Navarin
nothing remains
25/07/10 18:35 Categorised as: Holidays | Summer 2010
of the Ferme de Navarin. Neither of the village of Perthes-lès-Hurlus.
But the site of the ill-fated farm is all too conspicuous: the site now of a Memorial, and an Ossuary. One of the most moving things we’ve either of us seen, and we saw it on a suitably grey day.
The D977 north-east from Chalons towards the Ardennes crosses the flat and rather featureless terrain of Champagne, and beyond the town of Suippes traverses a shooting-range still used by the French army. On a crossroads about 3 miles north of Suippes is Souain-Perthes-lès-Hurlus, This reconstructed village occupies the site whereon was destroyed the village of Souain. The once-nearby village of Perthes-lès-Hurlus survives only as a name appended in a manner ironically reminiscent of the French villages’ habit of appending the name of their finest vineyard, as in Nuits-St. Georges, or Puligny-Montrachet.
Souain-Perthes-lès-Hurlus has barely 10 inhabitants for each letter of its name.
Both Souain and Perthes-lès-Hurlus were destroyed in the ravages of of the First World War.
A couple more miles north up the D977 we reach the site of the Ferme de Navarin, now the site of the Memorial and the Ossuary of Navarin, where lie the bones of 10,000 fallen combatants of the French, German, American, Russian, Czechoslovak and Polish armies who fought for four years over a front 30 kilometres long and no more than 4 kilometres deep in the Battle of Champagne, 1914-1918.

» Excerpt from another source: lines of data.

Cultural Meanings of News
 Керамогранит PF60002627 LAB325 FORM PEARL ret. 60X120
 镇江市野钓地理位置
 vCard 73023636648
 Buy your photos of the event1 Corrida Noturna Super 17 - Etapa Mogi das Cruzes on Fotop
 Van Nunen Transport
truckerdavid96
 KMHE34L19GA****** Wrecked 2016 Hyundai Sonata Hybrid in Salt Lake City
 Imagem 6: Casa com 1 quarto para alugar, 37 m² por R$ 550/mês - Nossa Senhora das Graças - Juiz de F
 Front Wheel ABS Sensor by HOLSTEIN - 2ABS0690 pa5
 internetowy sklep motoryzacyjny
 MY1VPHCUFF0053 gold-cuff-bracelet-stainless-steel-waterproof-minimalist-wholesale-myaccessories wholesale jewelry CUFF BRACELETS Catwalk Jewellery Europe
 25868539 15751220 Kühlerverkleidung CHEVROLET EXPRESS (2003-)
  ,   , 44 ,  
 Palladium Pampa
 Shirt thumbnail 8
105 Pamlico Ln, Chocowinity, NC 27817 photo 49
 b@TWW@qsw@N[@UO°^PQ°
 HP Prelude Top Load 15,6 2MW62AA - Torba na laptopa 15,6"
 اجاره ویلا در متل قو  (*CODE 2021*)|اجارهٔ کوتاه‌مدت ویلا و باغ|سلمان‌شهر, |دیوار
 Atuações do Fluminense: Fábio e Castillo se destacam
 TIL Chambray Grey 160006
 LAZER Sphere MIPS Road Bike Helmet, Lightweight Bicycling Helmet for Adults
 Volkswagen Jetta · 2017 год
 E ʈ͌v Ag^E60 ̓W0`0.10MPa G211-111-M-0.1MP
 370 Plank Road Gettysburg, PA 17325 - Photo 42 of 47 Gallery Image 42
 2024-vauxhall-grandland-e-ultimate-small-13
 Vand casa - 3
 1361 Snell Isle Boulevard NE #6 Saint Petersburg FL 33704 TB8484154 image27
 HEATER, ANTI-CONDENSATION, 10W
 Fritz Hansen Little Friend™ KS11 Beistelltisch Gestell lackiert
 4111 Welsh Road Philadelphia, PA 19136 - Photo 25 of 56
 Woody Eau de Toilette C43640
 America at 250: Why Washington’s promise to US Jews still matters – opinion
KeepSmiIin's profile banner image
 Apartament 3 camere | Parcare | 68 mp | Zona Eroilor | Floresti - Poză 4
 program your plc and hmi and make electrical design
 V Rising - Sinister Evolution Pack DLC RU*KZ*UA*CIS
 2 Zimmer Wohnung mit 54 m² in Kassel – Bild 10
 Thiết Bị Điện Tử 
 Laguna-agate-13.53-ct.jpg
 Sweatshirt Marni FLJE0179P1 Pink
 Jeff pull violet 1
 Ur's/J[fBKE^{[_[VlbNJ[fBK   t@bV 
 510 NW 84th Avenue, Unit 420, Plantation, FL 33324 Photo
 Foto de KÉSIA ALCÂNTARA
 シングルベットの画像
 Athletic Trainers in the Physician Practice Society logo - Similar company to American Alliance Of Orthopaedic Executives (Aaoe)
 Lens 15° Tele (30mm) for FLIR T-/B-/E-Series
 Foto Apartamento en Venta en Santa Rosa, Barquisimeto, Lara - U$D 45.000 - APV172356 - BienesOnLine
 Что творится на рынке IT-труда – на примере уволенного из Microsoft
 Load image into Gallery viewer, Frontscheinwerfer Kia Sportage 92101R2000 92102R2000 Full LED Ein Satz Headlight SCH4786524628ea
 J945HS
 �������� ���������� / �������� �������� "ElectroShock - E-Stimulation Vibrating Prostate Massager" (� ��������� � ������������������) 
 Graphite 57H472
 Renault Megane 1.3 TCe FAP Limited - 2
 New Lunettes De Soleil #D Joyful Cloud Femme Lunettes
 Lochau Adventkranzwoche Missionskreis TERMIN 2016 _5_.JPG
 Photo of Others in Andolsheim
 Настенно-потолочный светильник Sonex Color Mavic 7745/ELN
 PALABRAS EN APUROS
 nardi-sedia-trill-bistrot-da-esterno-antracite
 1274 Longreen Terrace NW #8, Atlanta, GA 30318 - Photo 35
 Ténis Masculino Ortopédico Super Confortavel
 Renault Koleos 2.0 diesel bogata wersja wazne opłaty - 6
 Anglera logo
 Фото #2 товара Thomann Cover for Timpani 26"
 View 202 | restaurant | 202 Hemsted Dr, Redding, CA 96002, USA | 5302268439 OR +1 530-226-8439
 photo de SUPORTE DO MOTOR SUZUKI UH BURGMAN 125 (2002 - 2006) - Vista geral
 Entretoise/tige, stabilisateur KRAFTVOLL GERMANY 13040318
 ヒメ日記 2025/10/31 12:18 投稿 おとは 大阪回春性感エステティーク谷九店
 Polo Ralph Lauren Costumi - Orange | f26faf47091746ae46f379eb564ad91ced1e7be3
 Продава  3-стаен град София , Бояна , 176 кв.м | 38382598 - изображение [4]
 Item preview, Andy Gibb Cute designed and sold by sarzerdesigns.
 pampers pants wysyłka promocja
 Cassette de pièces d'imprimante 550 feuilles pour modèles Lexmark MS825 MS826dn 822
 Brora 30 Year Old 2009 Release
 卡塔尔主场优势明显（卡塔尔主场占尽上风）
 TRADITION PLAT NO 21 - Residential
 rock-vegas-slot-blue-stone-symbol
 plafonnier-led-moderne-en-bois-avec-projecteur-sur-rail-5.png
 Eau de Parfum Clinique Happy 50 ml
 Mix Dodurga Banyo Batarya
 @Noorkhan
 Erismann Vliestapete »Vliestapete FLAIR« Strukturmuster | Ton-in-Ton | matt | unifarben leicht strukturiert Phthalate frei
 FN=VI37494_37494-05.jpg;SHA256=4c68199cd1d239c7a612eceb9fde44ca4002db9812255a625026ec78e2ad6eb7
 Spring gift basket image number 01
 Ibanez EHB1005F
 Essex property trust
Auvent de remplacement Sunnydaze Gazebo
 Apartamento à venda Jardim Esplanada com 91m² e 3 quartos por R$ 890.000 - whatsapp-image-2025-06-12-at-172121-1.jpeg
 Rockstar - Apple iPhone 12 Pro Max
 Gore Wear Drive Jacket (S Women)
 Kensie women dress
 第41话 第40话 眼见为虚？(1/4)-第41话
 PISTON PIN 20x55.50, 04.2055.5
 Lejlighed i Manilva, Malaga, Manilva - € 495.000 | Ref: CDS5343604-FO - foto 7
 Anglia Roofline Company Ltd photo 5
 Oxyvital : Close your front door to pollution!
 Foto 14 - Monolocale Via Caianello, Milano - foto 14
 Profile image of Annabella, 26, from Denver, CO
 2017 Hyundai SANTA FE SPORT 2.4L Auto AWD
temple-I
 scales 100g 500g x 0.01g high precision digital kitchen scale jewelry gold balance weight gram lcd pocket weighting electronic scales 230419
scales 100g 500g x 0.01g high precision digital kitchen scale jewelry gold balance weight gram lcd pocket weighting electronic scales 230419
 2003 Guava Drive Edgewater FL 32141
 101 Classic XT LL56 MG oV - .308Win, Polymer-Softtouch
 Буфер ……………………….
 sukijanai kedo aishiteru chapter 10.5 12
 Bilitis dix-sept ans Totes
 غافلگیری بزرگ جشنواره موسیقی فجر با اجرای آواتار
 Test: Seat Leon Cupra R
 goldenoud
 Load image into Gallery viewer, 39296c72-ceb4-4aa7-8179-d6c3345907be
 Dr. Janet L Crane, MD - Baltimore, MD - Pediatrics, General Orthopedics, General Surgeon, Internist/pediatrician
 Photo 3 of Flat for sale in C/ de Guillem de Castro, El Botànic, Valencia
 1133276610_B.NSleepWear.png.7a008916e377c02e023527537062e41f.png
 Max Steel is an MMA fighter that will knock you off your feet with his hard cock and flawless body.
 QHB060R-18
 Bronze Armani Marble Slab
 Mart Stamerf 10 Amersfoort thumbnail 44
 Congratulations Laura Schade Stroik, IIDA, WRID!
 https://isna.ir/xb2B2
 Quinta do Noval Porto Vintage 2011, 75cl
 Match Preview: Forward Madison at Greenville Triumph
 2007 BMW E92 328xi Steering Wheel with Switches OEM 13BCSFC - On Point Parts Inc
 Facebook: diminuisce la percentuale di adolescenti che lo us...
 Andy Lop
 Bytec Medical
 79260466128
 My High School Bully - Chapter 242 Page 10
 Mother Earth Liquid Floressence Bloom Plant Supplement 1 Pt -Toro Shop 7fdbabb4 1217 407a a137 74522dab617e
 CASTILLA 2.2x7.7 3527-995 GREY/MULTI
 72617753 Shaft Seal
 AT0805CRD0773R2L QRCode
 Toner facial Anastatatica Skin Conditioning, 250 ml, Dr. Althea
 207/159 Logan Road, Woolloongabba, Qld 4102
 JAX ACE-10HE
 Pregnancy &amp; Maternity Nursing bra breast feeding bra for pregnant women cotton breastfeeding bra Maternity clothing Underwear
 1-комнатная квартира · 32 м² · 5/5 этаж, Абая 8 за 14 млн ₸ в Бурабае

The map above shows the positions of the front line, and the minimal scale of its movements, between 1914 and 1918.
A little work back home turns up some interesting context on the Navarin Monument, its place in history and those of its creators.
The figure in the middle of the statue is General Gouraud, who commanded the 4th army in the Champagne/ Marne battlefield on and off from late in 1915; undertook the final, successful, offensive in September 1918, and led the project to build the memorial. The sculpture itself is the work of Maxime Real del Sarte, an active member of the far-right Action Française group, and a leader of their youth movement Les Camelots du Roi. So there is perhaps, in this monument, and in del Sarte’s sculpture, some undertone of triumphalism, of the spirit of reparation that blighted Versailles and led to the collapse of German democracy into Nazism.
Nonetheless, it is impossible not to be moved by standing in the boneyard of Navarin, where the landscape still seems to bear the pock-marks of the shell-holes in which so very many died.